THE MARTIAN is, hands-down, one of the best books I’ve ever read. I don’t mean “best” in a technical sense — although I don’t think it has many faults in that arena either — but in a couldn’t-put-it-down, laughed-out-loud, recommended-it-to-everyone-I-knew, still-thinking-about-it-weeks-later sense. I loved it so much it’s hard to write a review without devolving into incoherent squealing noises, but I shall try.

The appeal of THE MARTIAN hinges almost entirely on its main character, Mark Watney. The vast majority of the book is his first-person journal entries, where he describes his efforts to survive alone on a hostile planet, for years, using accommodations and supplies meant to last a month. This is a dangerous device, because if the reader doesn’t like the main character, there’s literally nothing else to focus on. Mark is it, at least for the first significant chunk of the book. Take him or leave him.

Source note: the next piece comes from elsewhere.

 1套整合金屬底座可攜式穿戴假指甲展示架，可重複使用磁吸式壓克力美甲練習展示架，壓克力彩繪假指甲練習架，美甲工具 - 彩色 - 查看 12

Fortunately, Mark Watney is the kind of character I could read forever. Though most of his narration is spent breaking down the science of survival (soil cultivation! structural engineering! making water out of rocket fuel!), which sounds like it should be the most tedious of subjects, I was riveted from the first page to the last. He had a way of describing even the most complex processes in ways that were not only easy to follow, but exciting and, against all odds, funny. Never in my life would I have thought I could be so invested in potato farming, or laugh so hard at the woes of a man caught in such dire circumstances.

There are no bad guys in THE MARTIAN, and it doesn’t need any. There is only Mark (and, eventually, NASA) versus Mars. Since Mars is always present, and always deadly, the tension stays ratcheted up throughout. Life on Mars may be monotonous for Mark, but for the reader, there are no dull points. Everything Mark does is a matter of life and death, all told through a lens of determination, scrappiness, and wry (occasionally profane) humor.

Science is practically a main character in THE MARTIAN, but author Andy Weir — through Mark — breaks it down into language that was completely accessible to me, a total layman. Even though practically every page contains Mark working through calculations, conducting chemistry experiments, or engineering unorthodox solutions to his problems, the narrative never felt bogged down by it, nor was I ever confused. Everything from the technology to Mark’s methods to NASA’s reactions were all presented in such a compelling and believable way that I occasionally had to remind myself that this was science fiction, not a true story.

THE MARTIAN is everything I want in science fiction. High stakes, excellent pacing, unexpected humor, an amazing premise, smart yet accessible science, and fully realized characters that I miss once the last page is turned. It easily launched itself to the top of my list of favorite books, and is a story I look forward to re-reading many, many times. 100 out of 5 stars.